3.4. Experimental confirmation of oligomer formation

To test whether dimerization accompanies VanRSc phosphorylation in solution, we used analytical ultracentrifugation to probe the oligomerization state of the protein in the presence and absence of beryllium fluoride. In the absence of [{\rm BeF}_{3}^{-}], sedimentation-velocity analysis revealed that the protein is largely present as a monomer, with small amounts of a more rapidly sedimenting species that might correspond to a compact dimer (Figs. 3[link]a and 3[link]b). Upon the addition of [{\rm BeF}_{3}^{-}] the profile shifts toward higher molecular-weight species, including a dimer and a putative tetramer. The polydispersity of the sample also increases in the presence of [{\rm BeF}_{3}^{-}], with a particular increase in more extended species (Supplementary Fig. S4). We also examined the behavior of the protein in a sedimentation-equilibrium analysis; again, the addition of [{\rm BeF}_{3}^{-}] was accompanied by a clear shift toward higher-order species (Fig. 3[link]c).

[Figure 3]
Figure 3
VanRSc oligomerizes in the presence of beryllium fluoride. (a) Sedimentation-velocity analytical ultracentrifugation. Experimental data are shown as circles and fits of the Lamm equation are shown as lines; residuals from the fit are shown below the data panels. Only every third boundary and third data point are shown for clarity. Measurements were performed at a 36.5 µM monomer concentration at 20°C. (b) c(s) distributions derived from the fitting of the Lamm equation to the data shown in (a), as implemented in SEDFIT. The overall r.m.s.d. is 0.005 Å for both fits. This analysis shows evidence of monomer plus small amounts of a larger species in the absence of [{\rm BeF}_{3}^{-}], and monomers, dimers and tetramers in the presence of [{\rm BeF}_{3}^{-}]. These observations are consistent with the association constants derived from direct fitting of the sedimentation-velocity data to association models (see Supplementary Fig. S3 and Supplementary Table S3). (c) Sedimentation-equilibrium analytical ultracentrifugation. Representative data for 16.7 µM protein in the absence of [{\rm BeF}_{3}^{-}] (left) and for 47.3 µM protein in the presence of [{\rm BeF}_{3}^{-}] (right) are shown. Model fits are shown as lines for each of three radial absorbance boundaries collected at three speeds (18 000, 20 000 and 22 000 rev min−1); residuals for the model fitting are shown below the data panels. Data collected in the absence of [{\rm BeF}_{3}^{-}] are best described by a weak monomer–dimer equilibrium model consistent with the two species observed by sedimentation velocity; data collected in the presence of [{\rm BeF}_{3}^{-}] are best described by a monomer–dimer–tetramer equilibrium. Fit parameters are shown in Supplementary Table S4. Figures were prepared using GUSSI.
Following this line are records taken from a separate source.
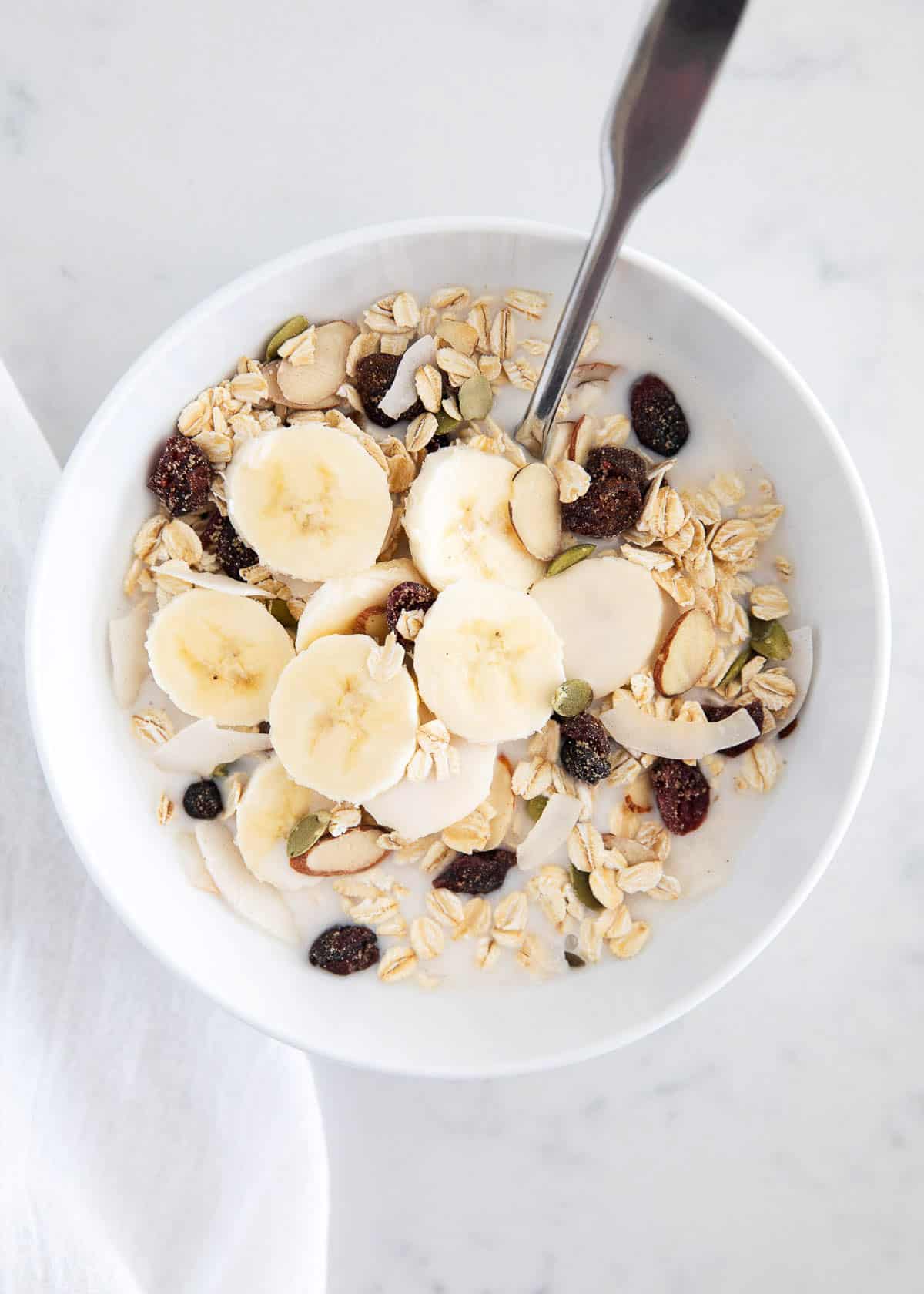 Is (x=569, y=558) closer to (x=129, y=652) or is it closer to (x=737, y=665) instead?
(x=737, y=665)

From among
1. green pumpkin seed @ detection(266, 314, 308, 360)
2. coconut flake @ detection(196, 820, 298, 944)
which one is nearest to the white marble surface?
green pumpkin seed @ detection(266, 314, 308, 360)

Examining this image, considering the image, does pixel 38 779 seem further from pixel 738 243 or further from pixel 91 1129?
pixel 738 243

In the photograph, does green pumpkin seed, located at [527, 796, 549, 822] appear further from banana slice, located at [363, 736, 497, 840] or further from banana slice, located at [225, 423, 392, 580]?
banana slice, located at [225, 423, 392, 580]

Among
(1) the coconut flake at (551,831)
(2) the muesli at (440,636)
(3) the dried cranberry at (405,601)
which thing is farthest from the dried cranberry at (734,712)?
(3) the dried cranberry at (405,601)

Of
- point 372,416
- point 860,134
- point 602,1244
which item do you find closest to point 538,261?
point 372,416

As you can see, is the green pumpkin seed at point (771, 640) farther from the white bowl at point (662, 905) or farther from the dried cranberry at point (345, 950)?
the dried cranberry at point (345, 950) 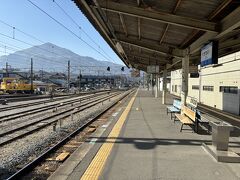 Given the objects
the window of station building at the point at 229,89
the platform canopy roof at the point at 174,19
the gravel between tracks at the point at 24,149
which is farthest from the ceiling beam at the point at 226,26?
the window of station building at the point at 229,89

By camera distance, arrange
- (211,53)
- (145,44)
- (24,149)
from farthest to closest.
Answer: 1. (145,44)
2. (211,53)
3. (24,149)

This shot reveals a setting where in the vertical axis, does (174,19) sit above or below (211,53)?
above

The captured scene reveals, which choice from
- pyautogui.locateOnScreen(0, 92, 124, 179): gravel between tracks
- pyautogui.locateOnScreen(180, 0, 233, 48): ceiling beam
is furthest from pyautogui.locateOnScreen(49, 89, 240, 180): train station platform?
pyautogui.locateOnScreen(180, 0, 233, 48): ceiling beam

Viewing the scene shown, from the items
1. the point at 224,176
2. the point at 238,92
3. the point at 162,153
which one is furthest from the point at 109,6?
the point at 238,92

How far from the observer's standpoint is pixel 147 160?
749 cm

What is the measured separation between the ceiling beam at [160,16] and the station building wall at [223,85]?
13.7 metres

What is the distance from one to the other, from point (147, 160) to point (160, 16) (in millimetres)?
5177

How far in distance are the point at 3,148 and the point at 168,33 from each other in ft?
26.6

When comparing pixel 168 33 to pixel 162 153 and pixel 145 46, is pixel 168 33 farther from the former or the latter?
pixel 162 153

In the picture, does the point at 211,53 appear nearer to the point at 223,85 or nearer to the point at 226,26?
the point at 226,26

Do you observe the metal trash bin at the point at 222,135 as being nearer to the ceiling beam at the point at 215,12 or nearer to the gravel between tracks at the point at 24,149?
the ceiling beam at the point at 215,12

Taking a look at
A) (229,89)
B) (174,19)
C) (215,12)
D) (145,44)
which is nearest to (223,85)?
(229,89)

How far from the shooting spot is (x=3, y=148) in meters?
10.4

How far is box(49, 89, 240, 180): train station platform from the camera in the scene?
21.1 feet
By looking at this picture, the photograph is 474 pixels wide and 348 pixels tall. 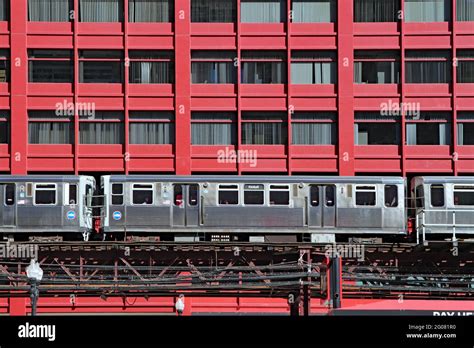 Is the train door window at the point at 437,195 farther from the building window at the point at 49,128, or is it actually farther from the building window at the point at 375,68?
the building window at the point at 49,128

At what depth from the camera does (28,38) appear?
175 feet

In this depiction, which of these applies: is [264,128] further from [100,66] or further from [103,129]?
[100,66]

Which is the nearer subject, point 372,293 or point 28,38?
point 372,293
A variety of models were used to fit the centrifugation data. For the sedimentation-velocity experiments performed in the absence of [{\rm BeF}_{3}^{-}], the data were best fitted by a very weak monomer–dimer equilibrium model, with a Kd of >1 mM (Supplementary Table S3). The sedimentation-equilibrium data measured in the absence of [{\rm BeF}_{3}^{-}] are also well described by a weak monomer–dimer equilibrium model, consistent with the sedimentation-velocity results; however, a somewhat lower estimate of Kd = 37 µM was obtained (Supplementary Table S4). This may reflect differences in experimental conditions: the equilibrium experiments were performed at 4°C, while the velocity experiments were conducted at 20°C, and this temperature dependence might reflect a contribution from hydrophobic interactions during dimerization. In any case, however, it is evident that the monomer is the predominant species for the unphosphorylated protein.
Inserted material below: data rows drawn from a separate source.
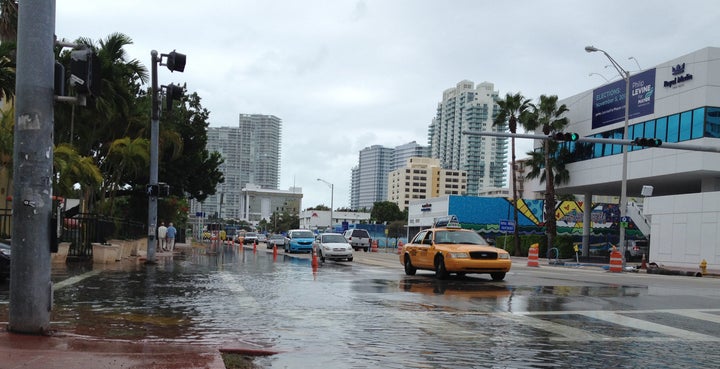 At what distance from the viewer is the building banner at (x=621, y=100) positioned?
1679 inches

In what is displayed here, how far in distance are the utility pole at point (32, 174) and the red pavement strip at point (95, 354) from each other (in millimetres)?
415

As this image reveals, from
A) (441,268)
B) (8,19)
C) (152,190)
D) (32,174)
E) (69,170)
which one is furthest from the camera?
(69,170)

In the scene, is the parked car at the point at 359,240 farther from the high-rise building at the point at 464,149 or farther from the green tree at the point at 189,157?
the high-rise building at the point at 464,149

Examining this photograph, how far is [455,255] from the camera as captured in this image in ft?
58.3

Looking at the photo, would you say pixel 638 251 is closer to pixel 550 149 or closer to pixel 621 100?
pixel 550 149

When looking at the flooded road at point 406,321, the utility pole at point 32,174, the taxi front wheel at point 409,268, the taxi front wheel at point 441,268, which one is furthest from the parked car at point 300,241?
the utility pole at point 32,174

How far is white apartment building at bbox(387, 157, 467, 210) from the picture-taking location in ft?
549

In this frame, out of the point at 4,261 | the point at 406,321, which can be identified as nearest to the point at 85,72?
the point at 406,321

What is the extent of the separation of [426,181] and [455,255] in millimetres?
151225

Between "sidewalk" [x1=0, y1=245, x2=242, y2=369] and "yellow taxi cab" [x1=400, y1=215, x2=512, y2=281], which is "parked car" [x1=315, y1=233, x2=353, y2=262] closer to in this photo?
"yellow taxi cab" [x1=400, y1=215, x2=512, y2=281]

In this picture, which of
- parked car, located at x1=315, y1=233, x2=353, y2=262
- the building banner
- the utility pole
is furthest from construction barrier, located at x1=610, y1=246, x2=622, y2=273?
the utility pole

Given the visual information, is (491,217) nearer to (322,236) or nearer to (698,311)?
(322,236)

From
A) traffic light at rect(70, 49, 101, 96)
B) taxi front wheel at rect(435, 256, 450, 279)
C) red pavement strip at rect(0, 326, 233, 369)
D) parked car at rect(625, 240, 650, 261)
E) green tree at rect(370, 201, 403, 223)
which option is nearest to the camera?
red pavement strip at rect(0, 326, 233, 369)

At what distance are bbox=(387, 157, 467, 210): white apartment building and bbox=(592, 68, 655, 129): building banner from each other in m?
118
In the presence of [{\rm BeF}_{3}^{-}], the velocity data are well described by a monomer–dimer–tetramer equilibrium model, consistent with the multiple species observed in the c(s) distribution; estimated equilibrium dissociation constants for the two equilibria fall in the mid-micromolar range (Supplementary Table S3). The equilibrium data could also be fitted by a monomer–dimer–tetramer equilibrium model, providing a significantly better match than a monomer–dimer model. The dissociation constants for the equilibrium data were somewhat lower than those derived from the velocity data, as was seen for the data measured in the absence of [{\rm BeF}_{3}^{-}] (Supplementary Table S4). However, both methods agree that the addition of [{\rm BeF}_{3}^{-}] is accompanied by a distinct shift from monomer to dimers and higher-order species.
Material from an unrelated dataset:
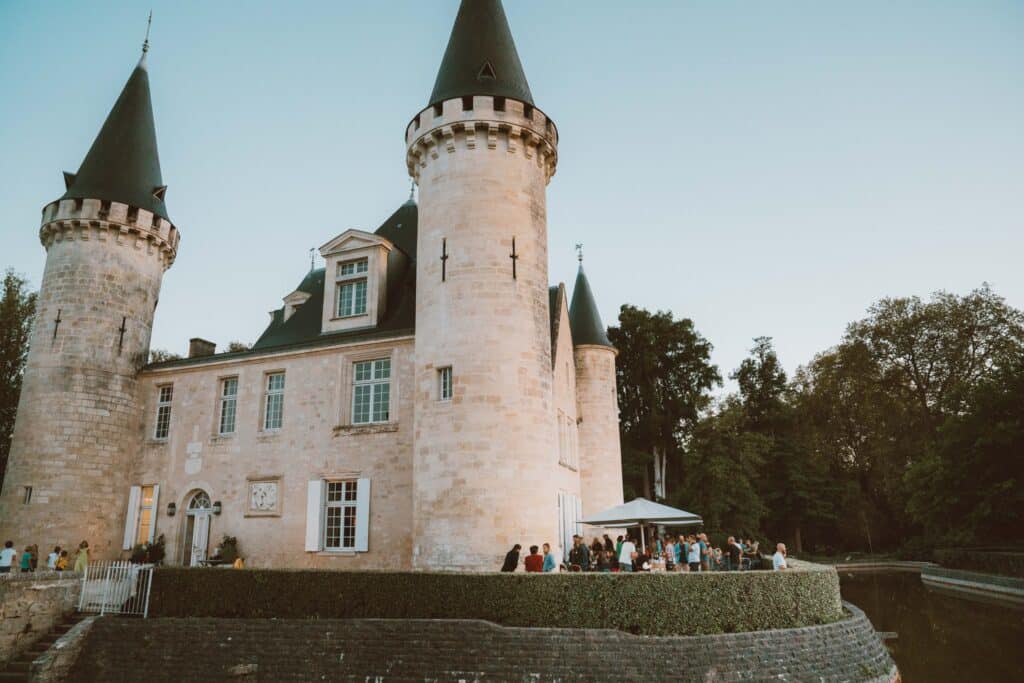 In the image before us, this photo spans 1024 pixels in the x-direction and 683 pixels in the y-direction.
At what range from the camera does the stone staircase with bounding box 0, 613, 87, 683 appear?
476 inches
3.5. Comparison of the inactive and activated structures

The receiver domains of VanRSc in the inactive and activated states are extremely similar to each other, with an r.m.s.d. of 0.67 Å for all Cα atoms (Fig. 4[link]a). The most noticeable difference between the two receiver domains is the absence of helix α4 in the inactive structure, along with significantly different conformations of the loop connecting β4 to α4. In the inactive structure no electron density was observed for the entirety of α4, even though density is seen for the two flanking loops. To our knowledge, this level of α4 disorder has not been seen previously; however, this helix does adopt a range of different conformations in other response regulators, suggesting that conformational changes in α4 help to regulate activation (Buckler et al., 2002[Buckler, D. R., Zhou, Y. & Stock, A. M. (2002). Structure, 10, 153-164.]; Bachhawat et al., 2005[Bachhawat, P., Swapna, G. V., Montelione, G. T. & Stock, A. M. (2005). Structure, 13, 1353-1363.]; King-Scott et al., 2007[King-Scott, J., Nowak, E., Mylonas, E., Panjikar, S., Roessle, M., Svergun, D. I. & Tucker, P. A. (2007). J. Biol. Chem. 282, 37717-37729.]; Choudhury & Beis, 2013[Choudhury, H. G. & Beis, K. (2013). Protein Sci. 22, 1287-1293.]; see also PDB entry 3c97).

[Figure 4]
Figure 4
Domain comparison between the inactive and activated VanRSc structures. Inactive VanRSc is shown in yellow and activated VanRSc is shown in slate blue. (a) Superposition of the receiver domains; the largest differences are the lack of α4 in the inactive state and changes in conformation of the β4–α4 loop. (b) Superposition of the DNA-binding domains; the only significant difference between these two structures is the conformation of the α7–α8 loop.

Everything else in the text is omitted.